Pictures with short captions:
+ + + + + + +
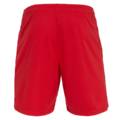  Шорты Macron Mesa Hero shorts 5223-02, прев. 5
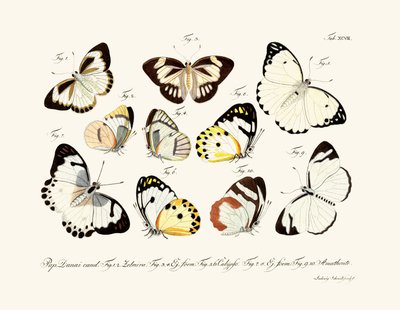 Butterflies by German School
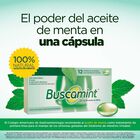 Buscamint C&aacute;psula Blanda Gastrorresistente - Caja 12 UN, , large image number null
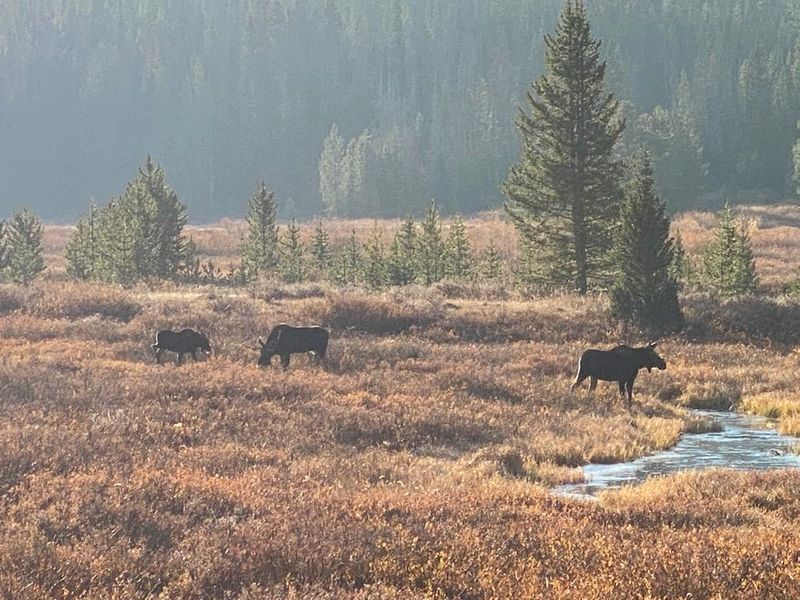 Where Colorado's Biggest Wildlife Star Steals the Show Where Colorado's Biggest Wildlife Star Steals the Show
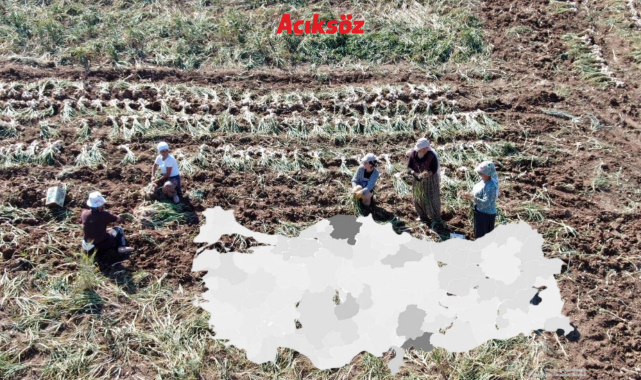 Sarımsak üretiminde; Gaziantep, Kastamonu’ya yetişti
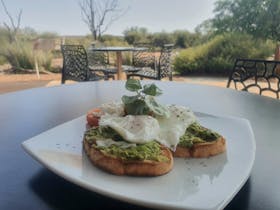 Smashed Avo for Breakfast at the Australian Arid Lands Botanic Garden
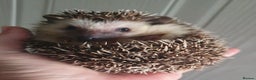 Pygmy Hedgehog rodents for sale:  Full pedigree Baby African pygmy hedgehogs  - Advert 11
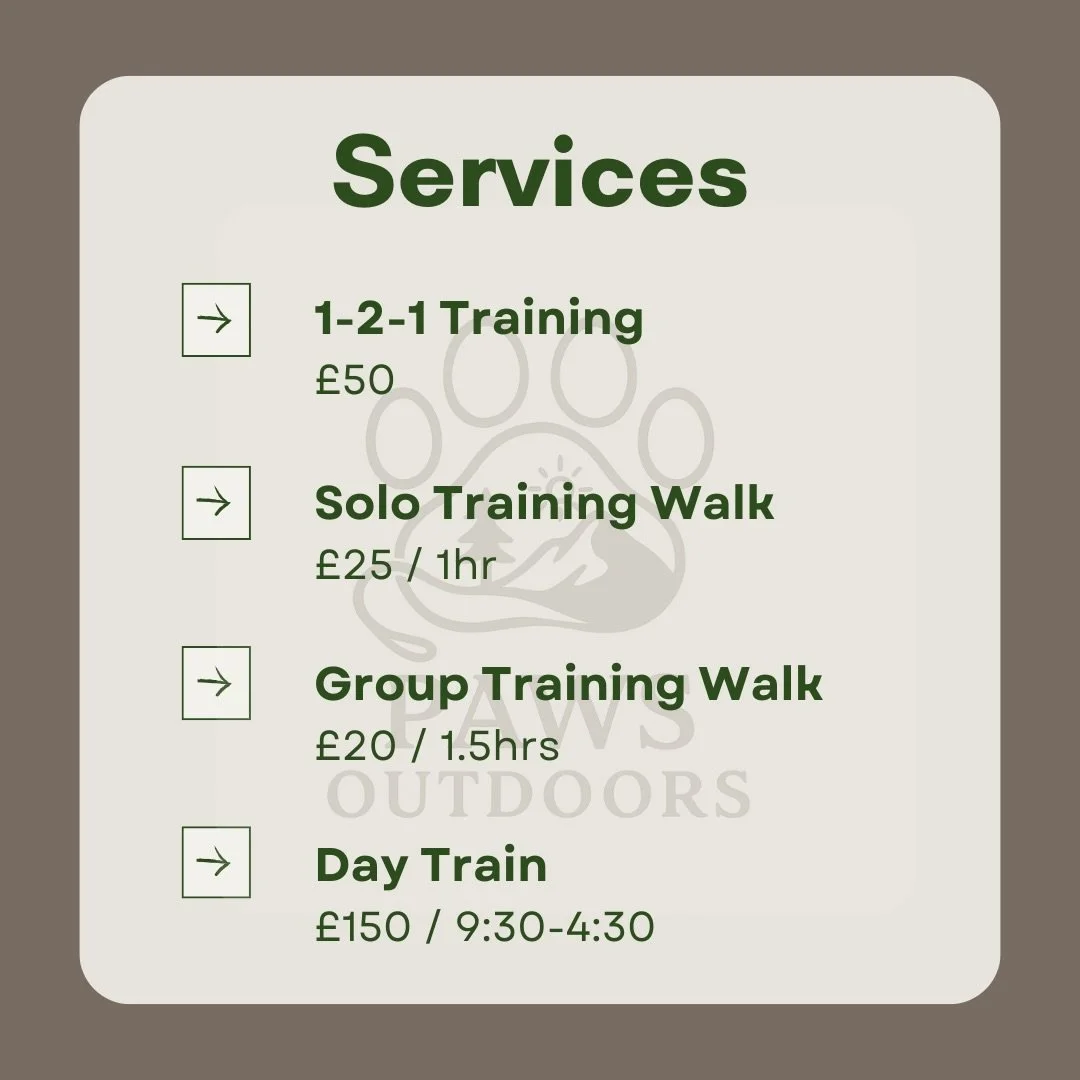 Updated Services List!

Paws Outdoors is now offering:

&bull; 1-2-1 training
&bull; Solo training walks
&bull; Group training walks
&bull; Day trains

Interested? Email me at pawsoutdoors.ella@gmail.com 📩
+ + + + + + +
PROBLEM REQUIREMENTS:
Every line from the one containing "Paws Outdoors is" through the last line above should be retyped exactly; no other lines are wanted.

RESULT:
Paws Outdoors is now offering:

&bull; 1-2-1 training
&bull; Solo training walks
&bull; Group training walks
&bull; Day trains

Interested? Email me at pawsoutdoors.ella@gmail.com 📩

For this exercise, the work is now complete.